Ancora una volta il prof. Di Vona sembra non essere in grado di tollerare l’ambivalenza propria di alcuni concetti. Se io affermo che l’energia dell’atomo è una risorsa preziosa per il bene dell’umanità e poi, successivamente, dichiaro che quella stessa energia può essere il male, perché ha in sé il potere di distruggere il mondo intero, cado in contraddizione? O semplicemente affermo e descrivo le proprietà e le potenzialità di un elemento in modo da poterne prendere consapevolezza e farne un corretto uso? 
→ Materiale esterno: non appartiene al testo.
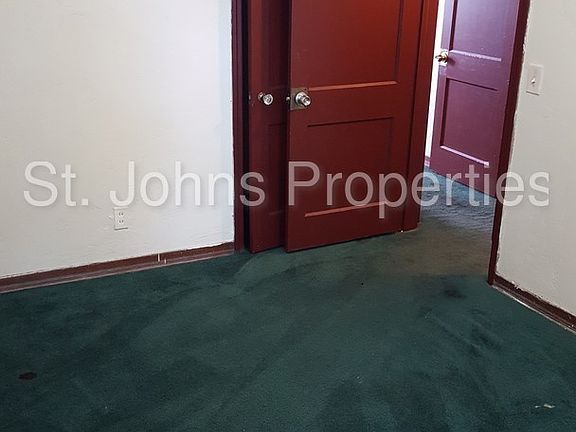 5th image of 1831 Bennett St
Detto questo, ci preme sottolineare che nelle suddette affermazioni il Maestro ha condensato le chiavi operative di tutta la Magia.

Non è forse Dante, nella “Divina Commedia” ad arrampicarsi sul corpo di Lucifero per passare dall’inferno al purgatorio?
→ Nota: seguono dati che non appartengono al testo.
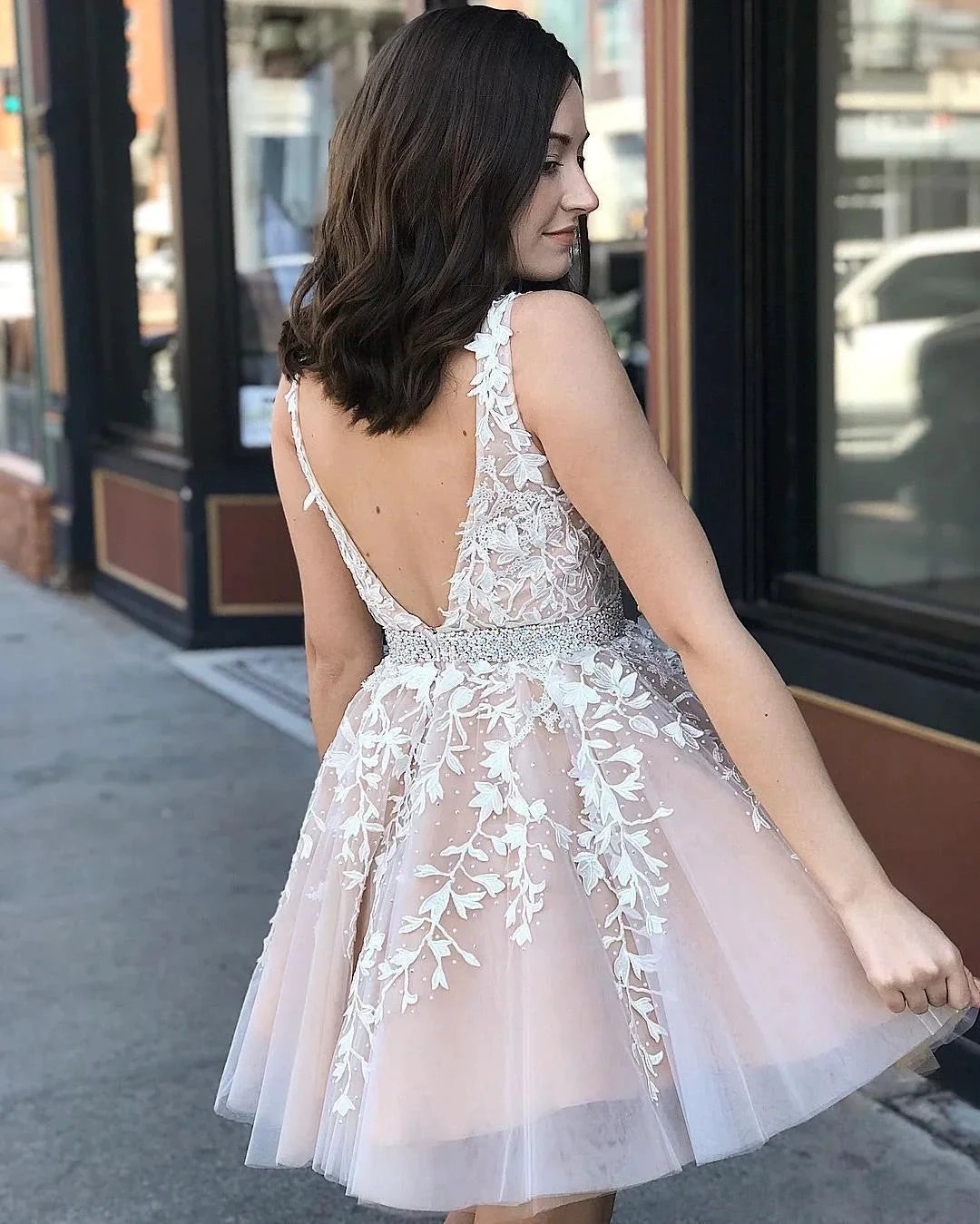 Cute A-line V-neck Tulle Floral Lace Backless Short Prom Dresses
Una volta per tutte vorremmo ricordare al professore uno dei principi fondamentali della Scienza Ermetica: il Principio della Polarità.

 

Tutto è duale; tutto ha poli; ogni cosa ha la sua coppia d’opposti. Il simile e il dissimile sono uguali; gli opposti sono identici di natura, ma differenti di grado. Gli estremi si toccano; tutte le verità non sono che mezze verità, e tutti i paradossi possono essere conciliati”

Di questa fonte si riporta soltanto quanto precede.